Mel Bochner
Cited as the first Conceptual art exhibition and responsible for spawning decades of lousy Xeroxed artists’ books, Mel Bochner’s ‘Working Drawings and Other Visible Things on Paper Not Necessarily Meant To Be Viewed as Art’ (1966) is the bedrock of mid-century Conceptual art history. Ironically, the project was the result of an innocuous Christmas exhibition at the New York School of Visual Arts that Bochner, as an art history faculty member, was asked to curate. He collected drawings from his friends, conveying to them that the offerings needn’t be ‘art’ per se. Not satisfied with Bochner’s procurement of work, the gallery’s curator refused to spend money framing the submissions, so Bochner photocopied four sets of the 100 drawings, reduced them each down to standard paper size, inserted the sets into a binder and placed each binder on a pedestal.
In the exhibition ‘Mel Bochner: Language 1966–2006’ viewers could flip through these seminal books, comprising studio notes and working drawings by Sol LeWitt, Dan Flavin, John Cage and Donald Judd, among others. The Conceptual and historical weight of this piece are located in its attitude more than in its content. Like Bochner’s assessment of Minimalism at that time, the four identical black office-style archives signal a paradigm shift away ‘from the humanistic stammering of Abstract Expressionism, Happenings and Pop art’.

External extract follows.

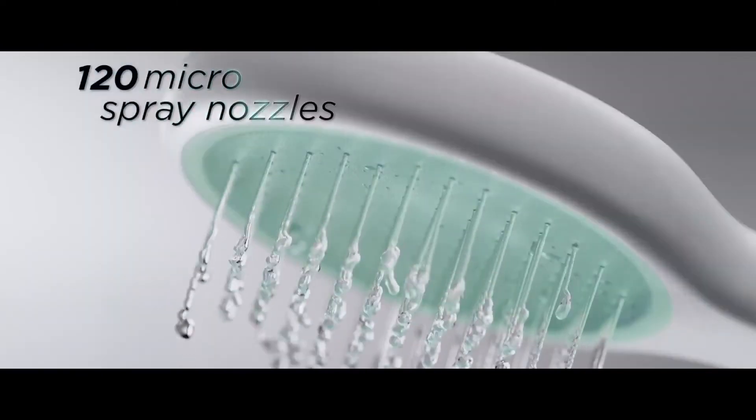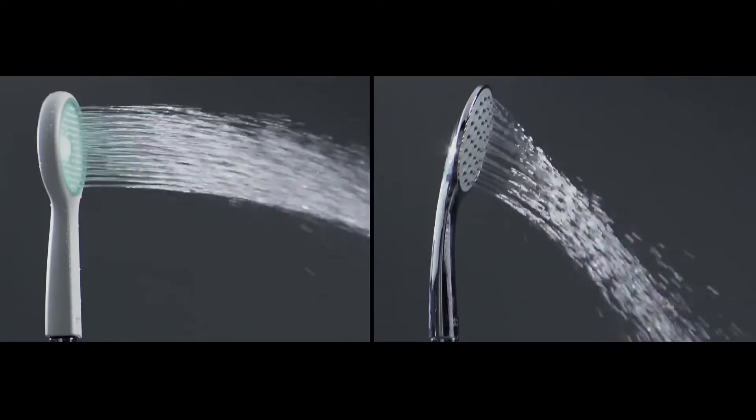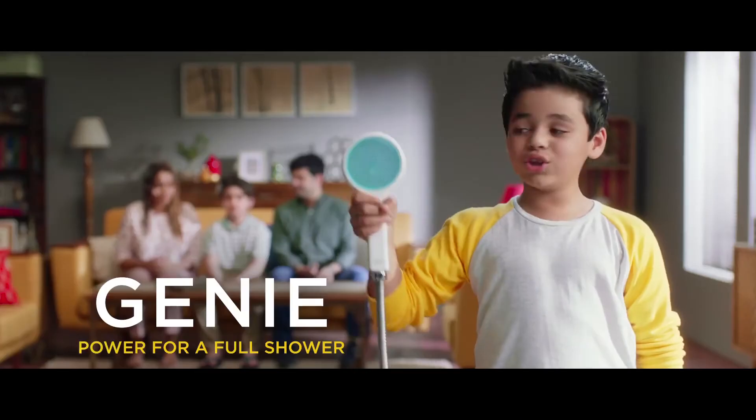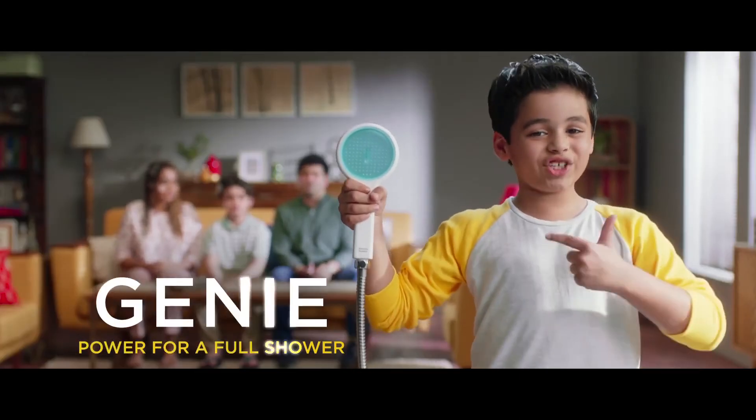Our house has an American Standard Genie hand shower with 120 uniquely designed nozzles, which also work in low pressure and give awesome performance. That means a full shower every time. So always have a full shower with Genie power.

Also included in this comprehensive and sometimes tedious exhibition of language-based research by Bochner was ‘The Domain of the Great Bear’, a collaboration with Robert Smithson published in Art Voices in the autumn of 1966. Here an oddly humorous and misleadingly fictional art project in the form of an essay about the Hayden Planetarium in New York, set within the pages of an art magazine, is an obvious critical gesture directed at the authority of authorship, originality and truth. Yet this piece is not without its poetic side. ‘The Domain of the Great Bear’ and Bochner’s word portraits, also from 1966, have sweetly ripened over the past 40 years. Where initially these works sat at the cusp of subversive critique, they now read as compelling literary exercises. For example, the four-inch-square ink-on-graph-paper Portrait of Eva Hesse (1966) embodies some of the Renaissance truths Bochner was pushing against. As in all his text portraits (Ad Reinhardt, Dan Flavin, Donald Judd, Eva Hesse, Robert Smithson, Sol LeWitt and a self-portrait are all included in the exhibition), Bochner employs a thesaurus to compile concentric circles of words that describe his subject. Despite his use of objective tools – lexicon and graph paper – Bochner’s little portraits are subjective, singular and emotionally tender.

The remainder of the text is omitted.